Da muss man sich einfach anschliessen...


----------



## Beppo (7. April 2003)

...jepp...

Beppo


----------



## biker_tom (8. April 2003)

Moin,

werde wohl auch erscheinen, sofern es mein Arbeitgeber es mir nicht durch zuviel arbeit vermiest!!!

Obwohl, das SfdW hat ja nicht wirklich was bewirkt, oder?


Freu mich schon drauf, und ich hoffe, das ich dann im Juni auch wieder in der lage bin mal ne Runde mitzufahren, vorher geht nicht, da jedes WE ausgebucht ist, Freizeitstreß!!!!


----------



## Kaiowana (9. April 2003)

Mahlzeit werte Mitstreiterinnen und Mitstreiter,
tja, nu' isses wieder soweit.

Vom Bikervolk wird verlangt, öffentlich Stellung für den Weltfrieden zu beziehen. 
Da der Weltfrieden immer wichtiger wird, sind Tine (einer muß ja fahren  ) und ich wieder mit von der Partie.  

Bis dahin
Viele Grüße und  
Kaiowana


----------



## *blacksheep* (16. April 2003)

Moin Rabbit,

die Teilnehmerliste müsste mal wieder aktualisiert werden...  

Gruss,

Janus


----------



## Manny__ (19. April 2003)

Hallo Rabbit, 

Bin seit kurzen auch Community Mitglied und werde versuchen auch dabei zuseien. 

Da ich noch neu hier bin ,ist  es doch die Gelegenheit neue Gesichter kennenzulernen
  Also man sieht sich.

Bis dann Manny


----------



## Rabbit (19. April 2003)

> _Original geschrieben von Manny _
> *Bin seit kurzen auch Community Mitglied und werde versuchen auch dabei zuseien.*


YOU'RE WELCOME


----------



## STEF1 (22. April 2003)

Bin auch wieder dabei...Steffi


----------



## Kaiowana (22. April 2003)

Hallo auch,
wie ich heute im Büro feststellen mußte, kann ich leider doch nicht am SfdW teilnehmen. Es liegt nicht daran, dass mir der Weltfrieden egal ist, sondern vielmehr daran, dass mein Arbeitgeber der Meinung ist, ich solle doch ein paar Bankangestellten in Oldenburg ein bißchen was über unsere Software erzählen. Ich persönlich bin ja der Meinung, dass der Weltfrieden wichtiger ist, aber leider kann ich meinen Arbeitgeber nicht vom Gegenteil überzeugen. 
Nichtsdestotrotz wird Tine aber aus unserer Sicht alles für den Weltfrieden geben und dabei sein.

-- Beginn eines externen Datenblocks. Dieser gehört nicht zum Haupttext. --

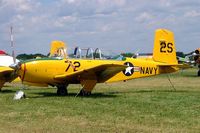 N8226E @ KOSH - Beech T-34B Mentor [BG-379] Oshkosh-Wittman Regional~N 30/07/2008 - by Ray Barber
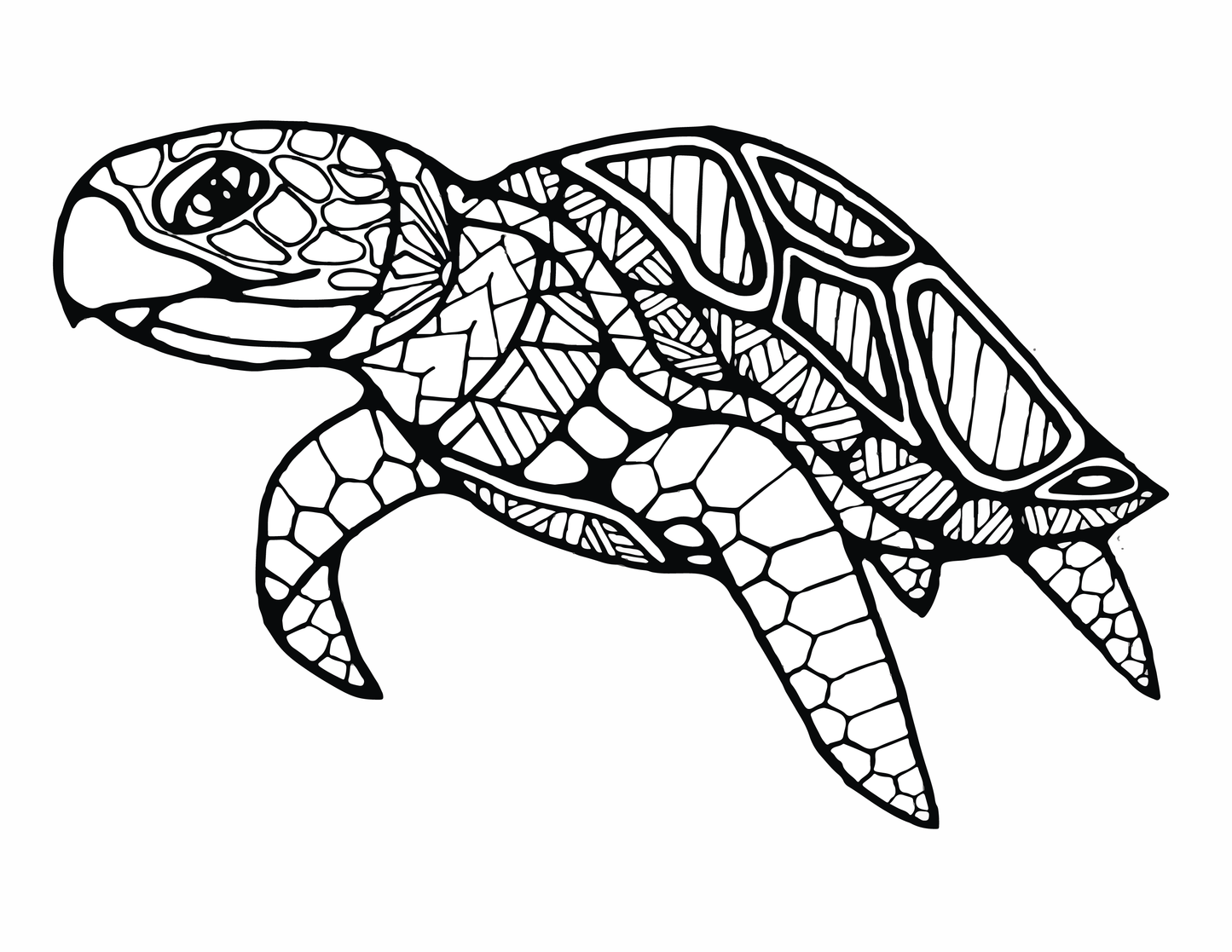 Libro educativo para colorear sobre la vida silvestre marina de Hawaiian Ma Kai (olelo/inglés)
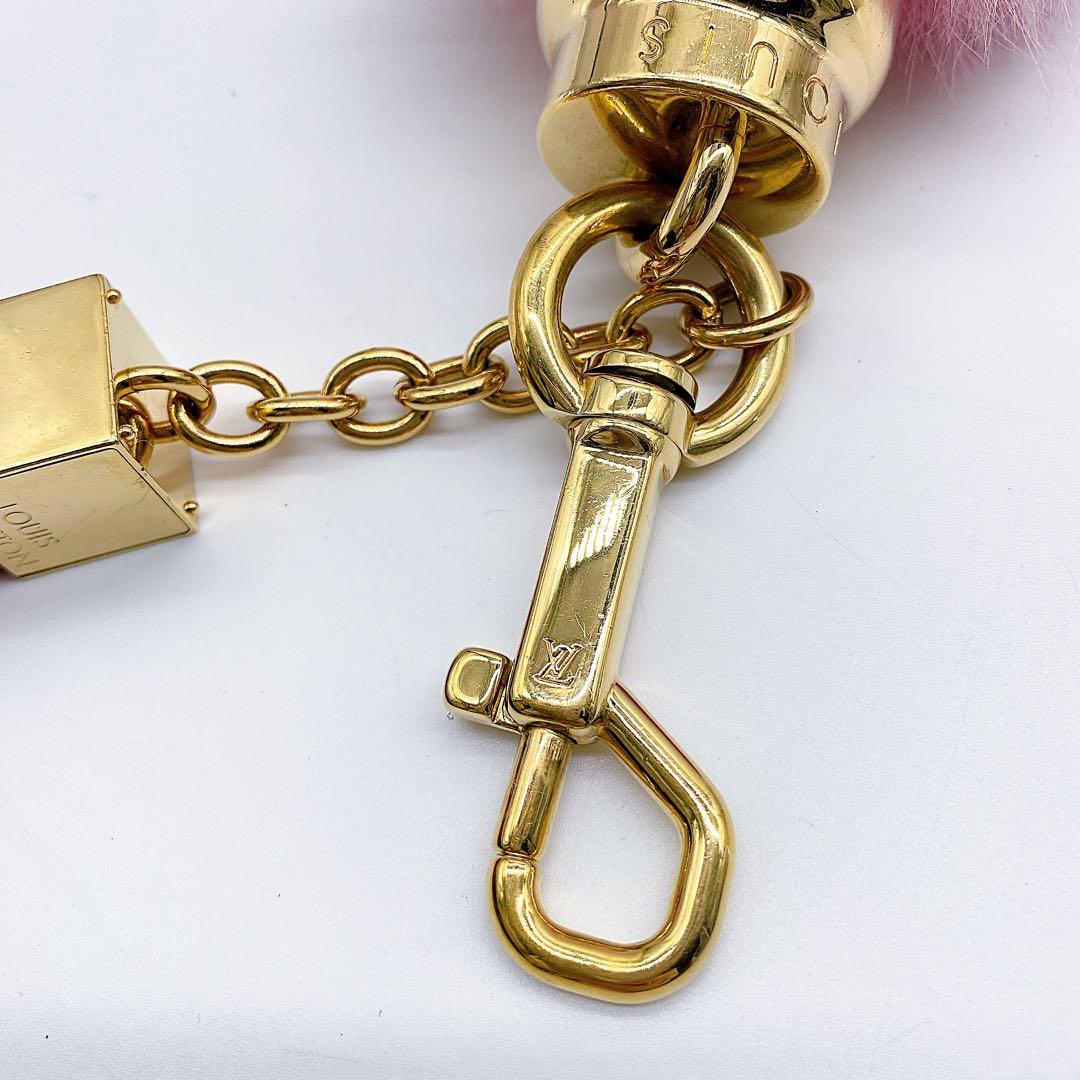 【LOUIS VUITTON】ルイヴィトン フォクシーポンポン チャーム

Bis dahin und viel Spaß dabei
Viele Grüße
Kaiowana


----------



## MTB-News.de




----------



## Bischi (22. April 2003)

Ich komme zu zweit


----------



## Rabbit (22. April 2003)

Tja Kai, so ist das eben mit den Verpflichtungen. Du mußt arbeiten und deine bessere Hälfte haut die Kohle gleich wieder auf den Kopf 

Tisch für 10 Personen habe ich gerade reserviert. Auf einen mehr oder weniger kommt's nicht drauf an.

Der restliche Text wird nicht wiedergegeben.